Washington, DC - Congressman Frank Pallone (NJ-06) and Senator Cory A. Booker have sent a letter to National Oceanic and Atmospheric Administration (NOAA) Fisheries about its proposal to reduce the Acceptable Biological Catch (ABC) recreational and commercial quotas for summer flounder in 2017 and 2018. The New Jersey lawmakers requested that NOAA Fisheries postpone any decision on reducing summer flounder quotes until it conducts a new benchmark summer flounder assessment. These proposed reductions would harm many coastal communities along the Jersey Shore, especially those that rely on the recreational and commercial fishing industries.

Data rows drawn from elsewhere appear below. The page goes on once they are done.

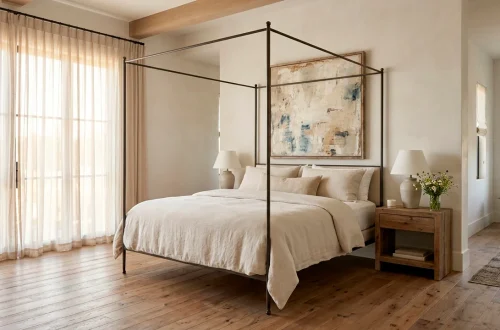 A modern French Country bedroom featuring an iron canopy bed, linen bedding, and limewashed walls.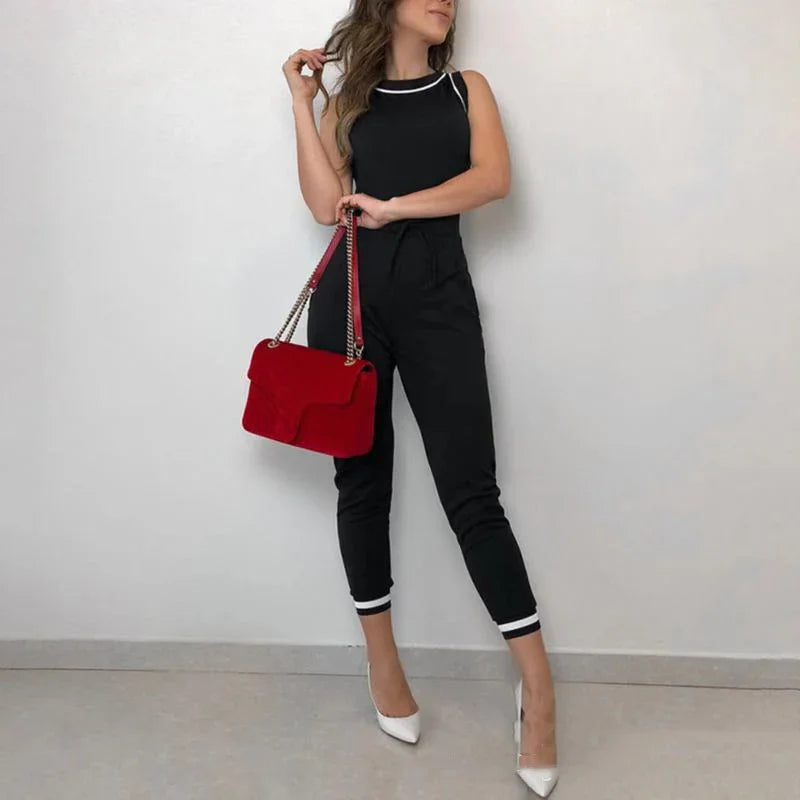 Woman in black sleeveless jumpsuit holding red handbag, wearing white pointed heels, standing against plain wall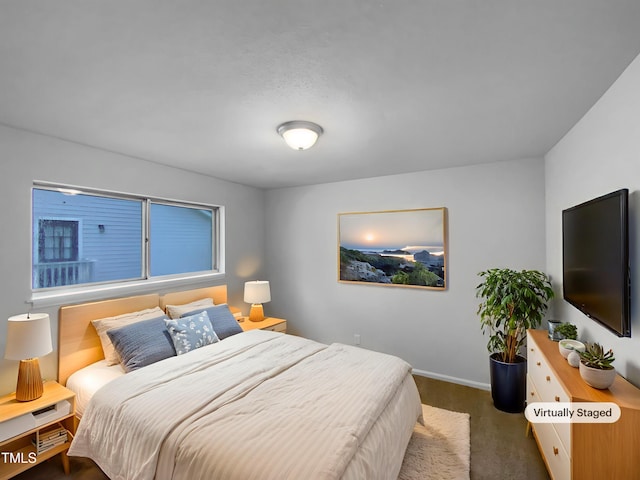 3721 Suffolk St, Durham, NC 27707 - carpeted bedroom featuring baseboards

“It is crucial that NOAA reconsider the quotas based on the most accurate information,” said Congressman Pallone. “Without a sufficient summer flounder quota, New Jersey’s economy faces a threat that jeopardizes the livelihoods of so many. I will continue to work with my New Jersey colleagues and press NOAA for more favorable catch limits in the future.”

“Jobs and businesses down the Jersey Shore are powered by the strength of our commercial and recreational fishing industries,” said Sen. Booker. “ Another reduction in the summer flounder quota could have damaging effects on our state and coastal economies. We will continue to urge NOAA implement quotas that are good for New Jerseyans and reflect the most up to date, accurate assessments.”

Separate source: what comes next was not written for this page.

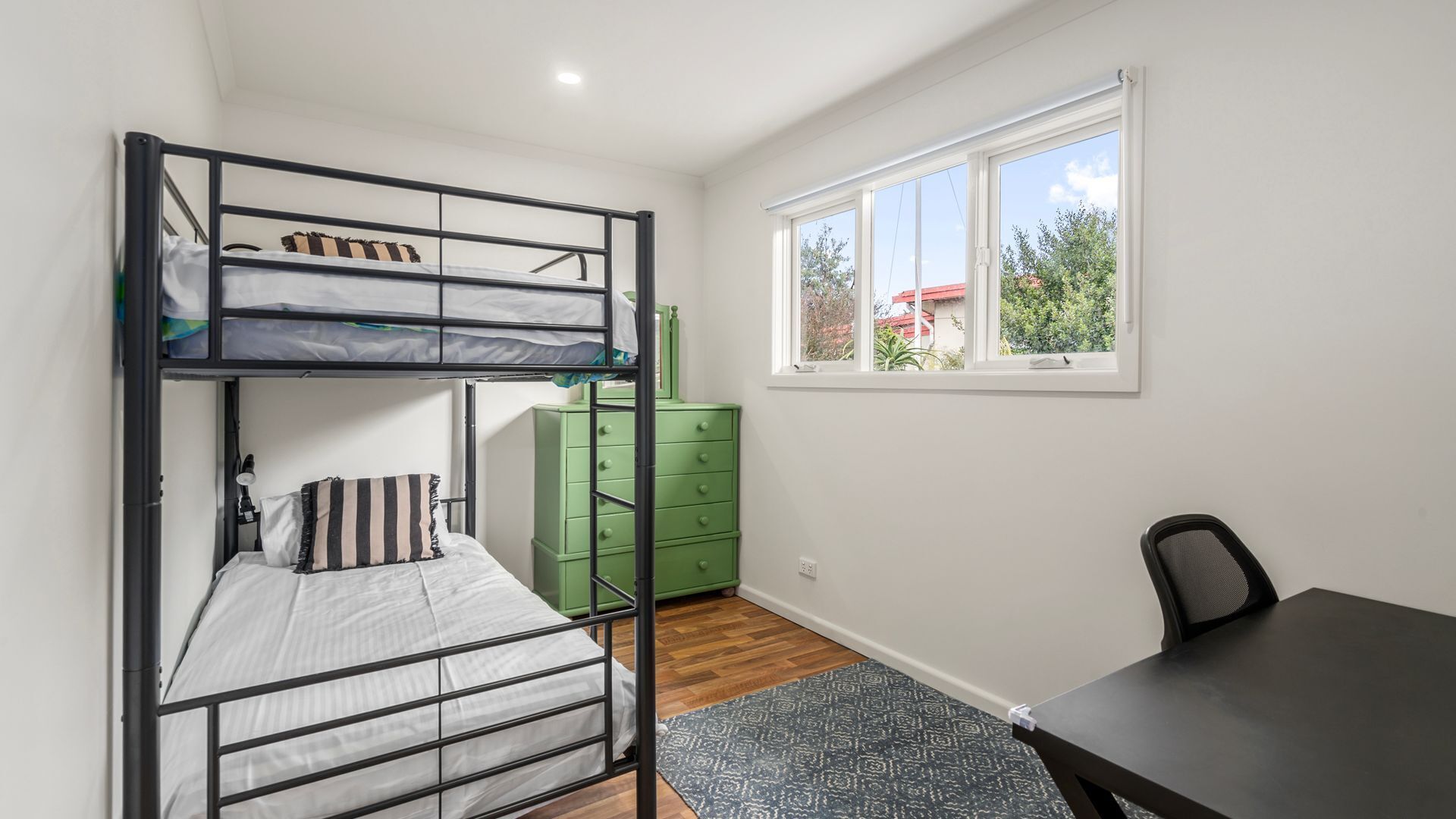 A dormitory room with a bunk bed, a desk, a chair, a dresser, and a window with a view of greenery and a building.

Pallone and Booker have long been strong supporters of fisheries and the economies of coastal communities. Earlier this year, Congressman Pallone sent a letter to the Atlantic States Marine Fisheries Commission calling for fair and less restrictive policies relating to summer flounder. Last year, the Congressman decried NOAA’s final rule on 2016 summer flounder catch limits. Under the rule, the summer flounder acceptable catch limit was reduced 30 percent, from 23 million pounds to 16 million pounds.

The text of the letter can be found below:

December 12, 2016

Eileen Sobeck
Assistant Administrator for Fisheries
NOAA Fisheries
1315 East-West Highway
Silver Spring, MD 20910

Dear Assistant Administrator Sobeck:

We write in regards to a proposal by NOAA Fisheries to reduce the Acceptable Biological Catch (ABC), recreational and commercial quotas for summer flounder in 2017 and 2018. Implementing this proposed rule will have a dramatic impact on the livelihoods of recreational and commercial fishermen, damaging the economies of coastal communities that depend on this important fishery. NOAA Fisheries should reconsider this proposal, specifically by maintaining existing quota levels until it conducts a new summer flounder benchmark assessment.

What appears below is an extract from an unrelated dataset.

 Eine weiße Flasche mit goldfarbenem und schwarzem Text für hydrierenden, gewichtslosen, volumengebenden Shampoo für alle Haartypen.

As you know, the last summer flounder benchmark assessment took place in 2013, and the agency has scheduled a new assessment to take place in 2017. The scale of these reductions is serious, for example, the summer flounder ABC would be reduced 29% in 2017 and a 16% in 2018. The recreational and commercial limits would both be reduced by approximately 30% in 2017 and 16% in 2018 respectively. NOAA Fisheries should make use of the best science available to ensure that it has updated numbers before making any decision of this level.

These proposed reductions would harm many coastal communities along the Jersey Shore, especially those that rely on the recreational and commercial fishing industries. These communities are already struggling. From 2007 to 2014 there was a loss of 2 million fishing trips in New Jersey, and 40% of fishing trips in New Jersey are in pursuit of summer flounder. The damage would not be limited to just fishermen, the tourism and boating industries along the Shore would be impacted as well.

That is why we are respectfully requesting that NOAA Fisheries postpone any decision on summer flounder quotas until it conducts a new benchmark summer flounder assessment. The agency should also maintain the current quotas until that assessment is conducted. NOAA Fisheries should use the best science and updated data before it makes any decision to implement these dramatic quota cuts.